Visconti’nin “Ossessione” başyapıtını ve Claude Chabrol’un birçok filmini akla getiren konusuyla “Büyük Hata”, yaptığı zincirleme hatalarla hayatı kabusa dönüşen sosyetik, kültürlü bir kadının öyküsünün, Charderlos ve Laclos’un “Tehlikeli İlişkiler” romanınında yaptığı gibi, ahlaki, sosyal ve cinsel boyutlarıyla yaklaşarak anlatıyor.

Atom Egoyan Julianne Moore, Liam Neeson, Amanda Seyfried gibi müthiş bir üçlüyü yönetmede çok başarılı.

İSYANKÂR İNGİLİZ KIZIN ÖYKÜSÜ

İlk uzun metrajlı filmi “Kırmızı Sokak / Red Road” ile Cannes’dan ödülle ayrılan İngiliz kadın senaryo yazarı ve yönetmen Andrea Arnold ikinci filmi “Akvaryum / Fish Tank” ile aynı festivalde jüri ödülü kazandı.

Her şeye kızgın, arkadaşları ve annesiyle kavgalı, çevresiyle uyum sorunları yaşayan 15 yaşındaki bir yönetmenin kişilğinde, İngiltere’nin kasvetli geleceğine dair önemli tespitler yapan Andrea Arnold yine yüreklere dokunan bir film yapmış. Arnold, oyunculara senaryoyu okutmadan film yapması ve hikâyenin geçtiği yöreye ait güçlü bir mekân duygusu oluşturması sebebiyle de gelecekte adını sıkça duyacağımız bir yönetmen.

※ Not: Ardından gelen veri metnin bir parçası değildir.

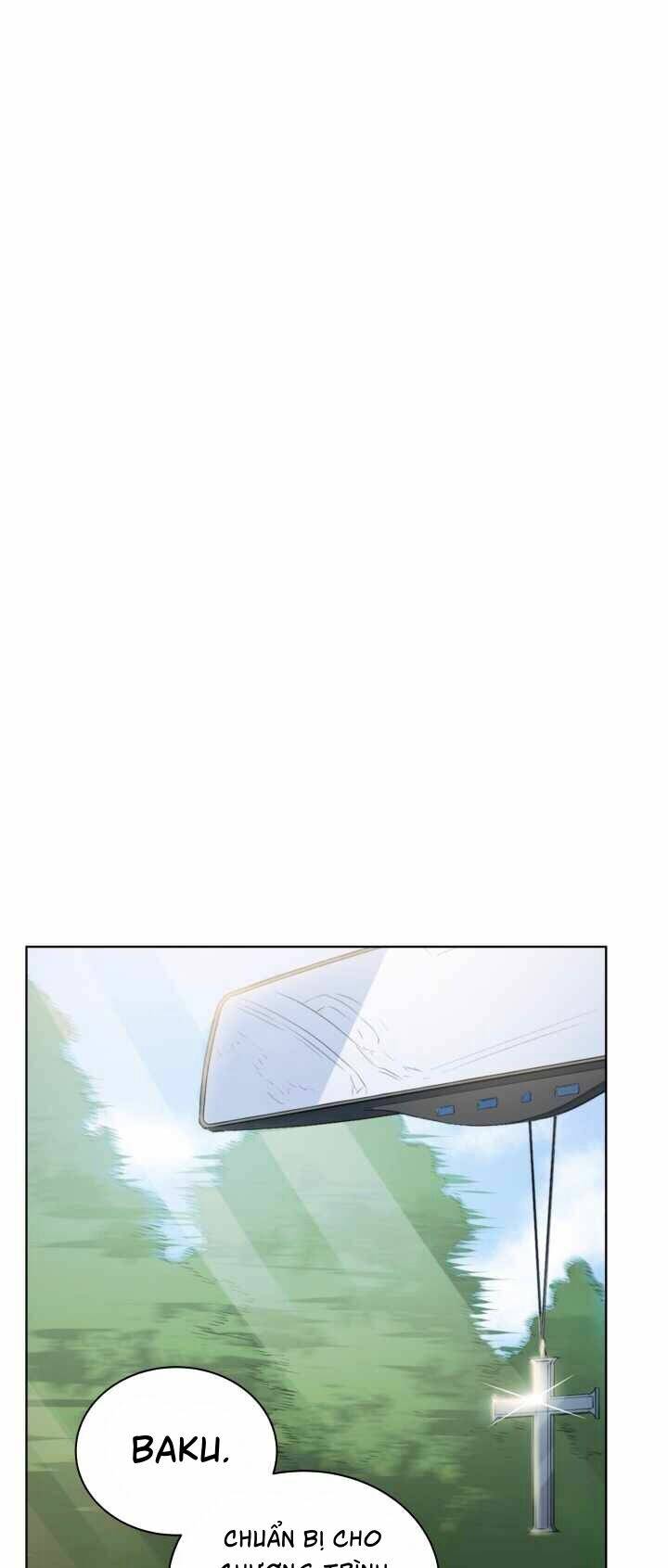 đấu sĩ vô song chapter 15 34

Mia genç annesi ve kızkardeşiyle Londra’nın doğusunda, arızalarıyla meşhur Essex’te sorunlu bir hayat yaşamaktadır. Annesinin genç, yakışıklı erkek arkadaşıyla yaşadığı kaçamak, tek arzusu yaklaşmakta olan bir dans müsabakasını kazanmak olan Mia’nin hayatını değiştirir.

Büyüleyici bir adam olan annesinin sevgilisi, onun için bir baba figürü ve seksi bir erkektir. Varoluşlardaki bu genç kızın çıkışsızlığını hüzünlü bir atmosfer içinde anlatan Andrea Arnold, sosyal devlet olarak ülkesine ciddi eleştiriler getiriyor.